(Data Opens)

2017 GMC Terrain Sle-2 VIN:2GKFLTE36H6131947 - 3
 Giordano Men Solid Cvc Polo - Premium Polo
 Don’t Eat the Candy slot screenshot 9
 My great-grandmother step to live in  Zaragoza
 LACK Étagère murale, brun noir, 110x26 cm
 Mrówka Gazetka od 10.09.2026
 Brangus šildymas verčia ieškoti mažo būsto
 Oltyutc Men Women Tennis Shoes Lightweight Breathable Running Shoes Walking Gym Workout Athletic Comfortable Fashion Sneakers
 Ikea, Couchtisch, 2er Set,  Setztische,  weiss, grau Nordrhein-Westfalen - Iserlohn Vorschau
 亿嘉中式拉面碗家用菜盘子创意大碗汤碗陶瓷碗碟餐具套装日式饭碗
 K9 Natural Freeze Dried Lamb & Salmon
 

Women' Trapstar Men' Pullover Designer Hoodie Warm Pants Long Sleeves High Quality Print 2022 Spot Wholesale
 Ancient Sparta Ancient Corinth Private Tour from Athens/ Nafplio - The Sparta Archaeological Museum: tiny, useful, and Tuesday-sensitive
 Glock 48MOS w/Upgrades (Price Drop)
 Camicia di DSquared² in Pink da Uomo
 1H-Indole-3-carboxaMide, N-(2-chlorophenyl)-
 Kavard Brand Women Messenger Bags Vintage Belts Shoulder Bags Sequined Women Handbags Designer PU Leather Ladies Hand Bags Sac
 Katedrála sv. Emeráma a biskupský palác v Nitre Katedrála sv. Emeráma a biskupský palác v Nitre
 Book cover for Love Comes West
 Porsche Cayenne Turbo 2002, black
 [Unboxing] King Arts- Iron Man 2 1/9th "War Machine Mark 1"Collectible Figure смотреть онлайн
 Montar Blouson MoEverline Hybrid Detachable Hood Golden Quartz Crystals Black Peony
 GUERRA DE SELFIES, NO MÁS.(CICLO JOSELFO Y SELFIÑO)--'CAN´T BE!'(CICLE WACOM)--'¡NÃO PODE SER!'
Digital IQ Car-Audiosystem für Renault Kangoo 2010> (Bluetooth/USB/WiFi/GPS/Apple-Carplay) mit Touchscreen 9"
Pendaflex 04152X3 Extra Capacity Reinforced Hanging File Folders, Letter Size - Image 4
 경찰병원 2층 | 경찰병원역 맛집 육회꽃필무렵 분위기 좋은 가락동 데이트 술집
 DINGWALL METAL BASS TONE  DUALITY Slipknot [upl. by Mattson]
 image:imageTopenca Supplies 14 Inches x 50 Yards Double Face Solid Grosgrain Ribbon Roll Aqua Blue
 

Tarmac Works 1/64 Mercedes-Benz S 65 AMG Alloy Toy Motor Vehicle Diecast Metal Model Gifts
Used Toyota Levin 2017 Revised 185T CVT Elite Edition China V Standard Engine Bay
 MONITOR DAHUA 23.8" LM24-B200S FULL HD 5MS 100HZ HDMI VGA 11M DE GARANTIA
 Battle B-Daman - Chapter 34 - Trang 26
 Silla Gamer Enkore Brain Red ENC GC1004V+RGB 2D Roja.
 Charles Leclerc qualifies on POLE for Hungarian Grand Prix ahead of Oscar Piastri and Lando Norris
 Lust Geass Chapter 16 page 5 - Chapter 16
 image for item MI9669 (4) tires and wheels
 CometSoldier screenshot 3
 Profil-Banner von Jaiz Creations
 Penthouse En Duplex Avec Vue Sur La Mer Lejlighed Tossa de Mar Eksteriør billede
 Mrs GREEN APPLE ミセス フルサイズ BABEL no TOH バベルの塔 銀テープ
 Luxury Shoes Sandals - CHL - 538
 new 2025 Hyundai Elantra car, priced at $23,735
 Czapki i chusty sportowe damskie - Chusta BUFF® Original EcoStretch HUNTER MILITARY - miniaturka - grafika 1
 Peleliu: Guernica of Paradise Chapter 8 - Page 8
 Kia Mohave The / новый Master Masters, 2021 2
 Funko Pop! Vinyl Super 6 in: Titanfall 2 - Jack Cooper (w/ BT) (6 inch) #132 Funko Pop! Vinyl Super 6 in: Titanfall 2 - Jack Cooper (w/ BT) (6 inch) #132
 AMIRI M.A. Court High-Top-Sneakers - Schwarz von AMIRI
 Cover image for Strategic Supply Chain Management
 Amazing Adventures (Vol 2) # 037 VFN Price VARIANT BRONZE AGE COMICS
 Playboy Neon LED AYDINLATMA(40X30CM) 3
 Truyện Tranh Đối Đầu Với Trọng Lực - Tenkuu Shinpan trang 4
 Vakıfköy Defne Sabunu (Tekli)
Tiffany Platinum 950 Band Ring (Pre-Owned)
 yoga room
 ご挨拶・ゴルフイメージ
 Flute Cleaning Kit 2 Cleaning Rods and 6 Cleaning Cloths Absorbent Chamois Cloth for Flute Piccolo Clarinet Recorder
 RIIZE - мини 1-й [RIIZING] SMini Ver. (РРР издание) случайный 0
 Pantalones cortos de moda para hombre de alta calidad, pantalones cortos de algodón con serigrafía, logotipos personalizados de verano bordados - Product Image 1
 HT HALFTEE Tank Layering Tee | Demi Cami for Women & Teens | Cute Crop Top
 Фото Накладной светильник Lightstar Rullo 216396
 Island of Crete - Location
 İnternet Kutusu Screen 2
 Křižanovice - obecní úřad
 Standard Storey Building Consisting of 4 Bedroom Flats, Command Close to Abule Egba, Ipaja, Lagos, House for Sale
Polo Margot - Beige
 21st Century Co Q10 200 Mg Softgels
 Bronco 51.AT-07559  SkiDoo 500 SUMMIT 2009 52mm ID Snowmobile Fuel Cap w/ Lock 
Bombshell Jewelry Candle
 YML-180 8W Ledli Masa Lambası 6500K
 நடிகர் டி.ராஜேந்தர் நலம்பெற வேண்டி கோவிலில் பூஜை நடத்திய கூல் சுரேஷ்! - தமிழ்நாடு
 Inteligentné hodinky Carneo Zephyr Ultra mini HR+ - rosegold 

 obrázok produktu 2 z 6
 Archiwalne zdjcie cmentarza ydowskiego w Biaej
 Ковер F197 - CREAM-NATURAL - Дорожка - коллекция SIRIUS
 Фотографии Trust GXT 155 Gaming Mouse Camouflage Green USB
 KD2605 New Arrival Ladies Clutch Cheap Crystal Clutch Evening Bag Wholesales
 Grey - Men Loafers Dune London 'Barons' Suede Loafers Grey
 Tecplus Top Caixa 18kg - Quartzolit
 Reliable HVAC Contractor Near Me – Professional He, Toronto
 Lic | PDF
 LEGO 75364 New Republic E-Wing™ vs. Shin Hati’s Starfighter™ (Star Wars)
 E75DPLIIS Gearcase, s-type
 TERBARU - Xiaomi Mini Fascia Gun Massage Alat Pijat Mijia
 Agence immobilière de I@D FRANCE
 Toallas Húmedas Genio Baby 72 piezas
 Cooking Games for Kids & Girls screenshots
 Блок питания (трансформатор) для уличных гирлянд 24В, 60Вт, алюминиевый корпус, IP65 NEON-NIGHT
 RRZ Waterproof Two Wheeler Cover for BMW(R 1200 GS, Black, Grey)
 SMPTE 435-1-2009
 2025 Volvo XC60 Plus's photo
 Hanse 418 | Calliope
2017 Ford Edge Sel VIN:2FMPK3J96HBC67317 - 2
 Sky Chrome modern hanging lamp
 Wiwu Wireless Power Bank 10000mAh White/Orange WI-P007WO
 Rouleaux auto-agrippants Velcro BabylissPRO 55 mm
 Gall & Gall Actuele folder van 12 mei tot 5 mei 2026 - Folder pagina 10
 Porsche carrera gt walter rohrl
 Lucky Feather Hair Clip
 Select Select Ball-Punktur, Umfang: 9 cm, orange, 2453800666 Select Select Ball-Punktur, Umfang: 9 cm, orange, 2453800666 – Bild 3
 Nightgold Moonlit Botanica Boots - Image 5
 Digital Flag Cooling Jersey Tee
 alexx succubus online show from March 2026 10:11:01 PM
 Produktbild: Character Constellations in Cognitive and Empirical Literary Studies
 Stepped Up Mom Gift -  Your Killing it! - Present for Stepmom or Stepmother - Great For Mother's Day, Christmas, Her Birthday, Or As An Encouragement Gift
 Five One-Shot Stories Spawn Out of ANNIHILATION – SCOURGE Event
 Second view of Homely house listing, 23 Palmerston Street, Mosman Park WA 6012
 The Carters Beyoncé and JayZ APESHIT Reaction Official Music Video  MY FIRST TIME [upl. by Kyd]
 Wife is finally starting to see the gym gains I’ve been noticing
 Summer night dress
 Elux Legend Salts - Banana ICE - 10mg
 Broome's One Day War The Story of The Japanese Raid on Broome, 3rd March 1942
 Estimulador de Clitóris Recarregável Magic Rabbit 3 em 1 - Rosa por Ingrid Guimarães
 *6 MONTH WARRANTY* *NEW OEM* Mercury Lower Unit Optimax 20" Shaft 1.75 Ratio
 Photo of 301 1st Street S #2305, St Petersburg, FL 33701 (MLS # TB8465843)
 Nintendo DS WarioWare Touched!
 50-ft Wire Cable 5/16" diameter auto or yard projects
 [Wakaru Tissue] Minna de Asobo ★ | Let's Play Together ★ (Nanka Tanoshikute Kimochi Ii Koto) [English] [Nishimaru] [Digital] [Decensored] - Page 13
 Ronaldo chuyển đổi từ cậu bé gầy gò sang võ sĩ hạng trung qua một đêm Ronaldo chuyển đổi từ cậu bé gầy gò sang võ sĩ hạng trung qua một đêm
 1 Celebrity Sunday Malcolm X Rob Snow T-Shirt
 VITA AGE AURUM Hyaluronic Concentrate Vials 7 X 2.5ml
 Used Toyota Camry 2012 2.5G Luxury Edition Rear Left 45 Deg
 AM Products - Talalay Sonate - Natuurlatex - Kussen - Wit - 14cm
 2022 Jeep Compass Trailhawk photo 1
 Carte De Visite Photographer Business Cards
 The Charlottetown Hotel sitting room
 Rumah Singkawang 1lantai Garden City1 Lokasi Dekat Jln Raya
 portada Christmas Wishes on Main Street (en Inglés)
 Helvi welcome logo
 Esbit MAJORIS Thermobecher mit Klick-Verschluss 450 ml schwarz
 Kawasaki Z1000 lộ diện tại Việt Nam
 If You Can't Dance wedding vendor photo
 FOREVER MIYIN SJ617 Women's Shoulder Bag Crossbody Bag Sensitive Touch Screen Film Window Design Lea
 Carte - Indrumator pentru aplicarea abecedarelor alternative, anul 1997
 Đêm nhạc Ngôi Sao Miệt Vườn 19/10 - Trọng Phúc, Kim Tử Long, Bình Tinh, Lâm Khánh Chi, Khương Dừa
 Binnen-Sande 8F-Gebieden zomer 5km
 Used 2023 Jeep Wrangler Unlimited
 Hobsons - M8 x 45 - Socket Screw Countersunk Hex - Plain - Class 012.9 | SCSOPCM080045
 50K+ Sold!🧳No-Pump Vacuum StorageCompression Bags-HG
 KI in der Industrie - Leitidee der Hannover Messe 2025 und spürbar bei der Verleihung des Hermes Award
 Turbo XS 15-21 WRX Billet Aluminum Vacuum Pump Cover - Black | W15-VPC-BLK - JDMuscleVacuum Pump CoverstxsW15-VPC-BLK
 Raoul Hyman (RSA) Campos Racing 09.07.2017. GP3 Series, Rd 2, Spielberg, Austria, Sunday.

(Data Closes)

Assigned task ▸
Taking the entries above, write out exactly the lines starting with the line containing "Rumah Singkawang 1lantai" and going on through the line containing "Đêm nhạc Ngôi", both included, and nothing else.

Result of this exercise ▸
 Rumah Singkawang 1lantai Garden City1 Lokasi Dekat Jln Raya
 portada Christmas Wishes on Main Street (en Inglés)
 Helvi welcome logo
 Esbit MAJORIS Thermobecher mit Klick-Verschluss 450 ml schwarz
 Kawasaki Z1000 lộ diện tại Việt Nam
 If You Can't Dance wedding vendor photo
 FOREVER MIYIN SJ617 Women's Shoulder Bag Crossbody Bag Sensitive Touch Screen Film Window Design Lea
 Carte - Indrumator pentru aplicarea abecedarelor alternative, anul 1997
 Đêm nhạc Ngôi Sao Miệt Vườn 19/10 - Trọng Phúc, Kim Tử Long, Bình Tinh, Lâm Khánh Chi, Khương Dừa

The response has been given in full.